On January 21, 2014, the Court held that inordinate and inexplicable delay in deciding mercy plea can be a ground for commuting death sentence

The Supreme Court on Tuesday agreed to hear the plea of Khalistan Liberation Force terrorist Devinderpal Singh for commutation of death sentence awarded to him for the September 1993 blast to life imprisonment in an open court.

A Bench comprising Chief Justice P. Sathasivam and justices R.M. Lodha, H.L. Dattu and S.J. Mukhopadhaya decided to hear the curative petition filed by Bhullar’s wife Nevneet Kaur on Friday.

The hearing assumes importance in view of the January 21 judgement of a three-judge Bench holding that inordinate and inexplicable delay by government in deciding the mercy plea of a death row convict can be a ground for commuting the sentence.

Bhullar’s wife filed the petition for a relook at the apex court verdict which rejected her plea to commute his death sentence to life imprisonment on grounds of delay on the part of the government in deciding his mercy plea.

Bhullar was convicted of and awarded death penalty for triggering a bomb blast in New Delhi in September 1993, which killed nine persons and injured 25 others, including the then Youth Congress president M.S. Bitta.

The apex court on March 26, 2002 dismissed Bhullar’s appeal against the death sentence awarded by a trial court in August 2001 and endorsed by the Delhi High Court in 2002.

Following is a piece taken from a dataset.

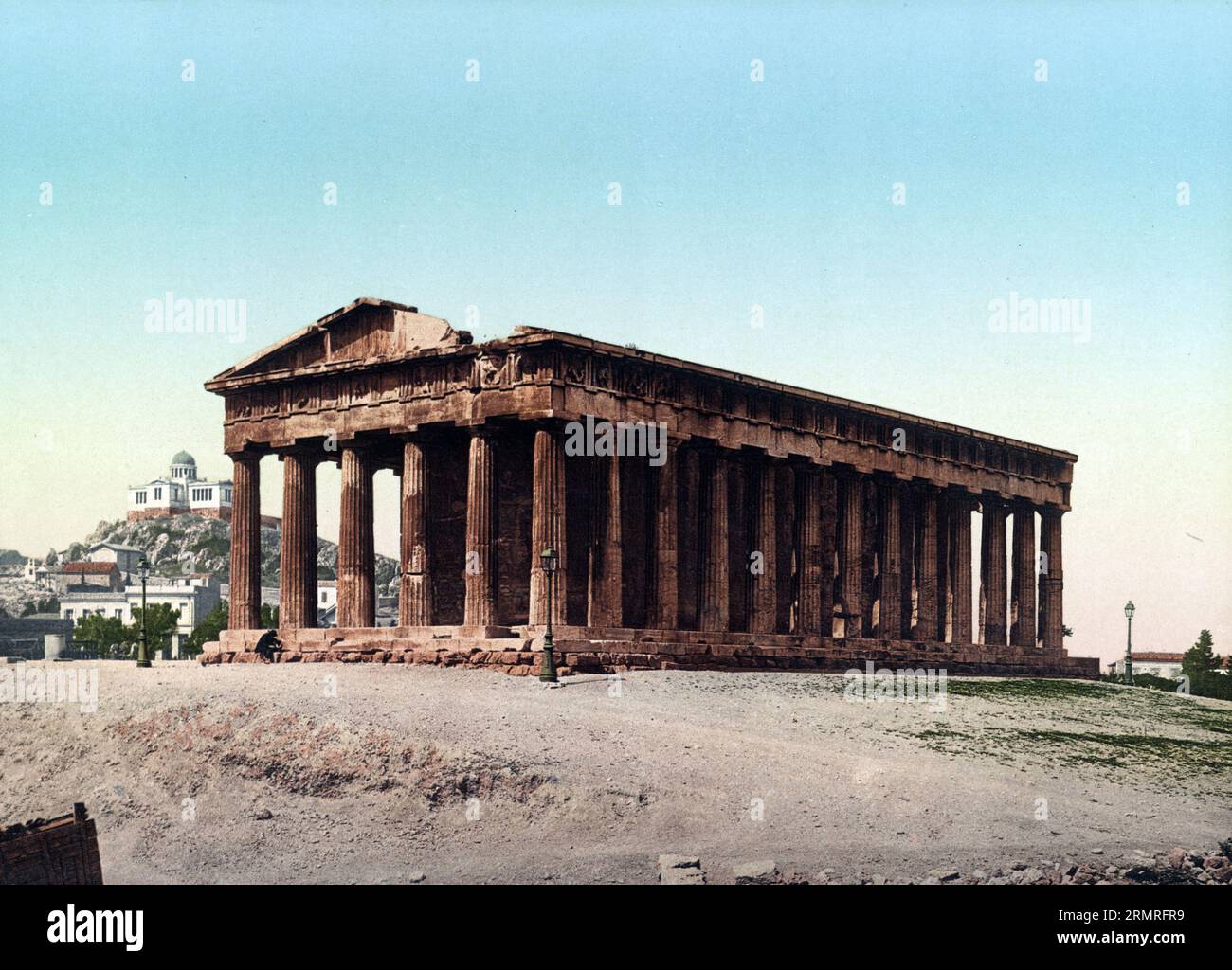 Tempel des Theseus, Athen, Griechenland, Historisch, digital verbesserte Reproduktion eines Photochromedruck aus dem Jahre 1898 / Tempio di Teseo, Atene, Grecia, storica, riproduzione digitale migliorata di una stampa fotocromatica del 1898 Foto Stock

He filed a review petition which was dismissed on December 17, 2002. Bhullar then moved a curative petition which too was rejected by the apex court on March 12, 2003.

Bhullar, meanwhile, filed a mercy petition before the President on January 14, 2003.

The President dismissed his mercy plea eight years later on May 14, 2011. Citing the delay, he had again moved the apex court for commutation of the death sentence but his plea was rejected.

The apex court on January 21 had held that inordinate delay by government in deciding mercy plea of death row convicts can be a ground for commuting their sentence and had granted life to 15 condemned prisoners including four aides of forest brigand Veerappan.

In a landmark judgement, the court had held that prolonging execution of death sentence has a “dehumanizing effect” on condemned prisoners who have to face the “agony” of waiting for years under the shadow of death during the pendency of their mercy plea.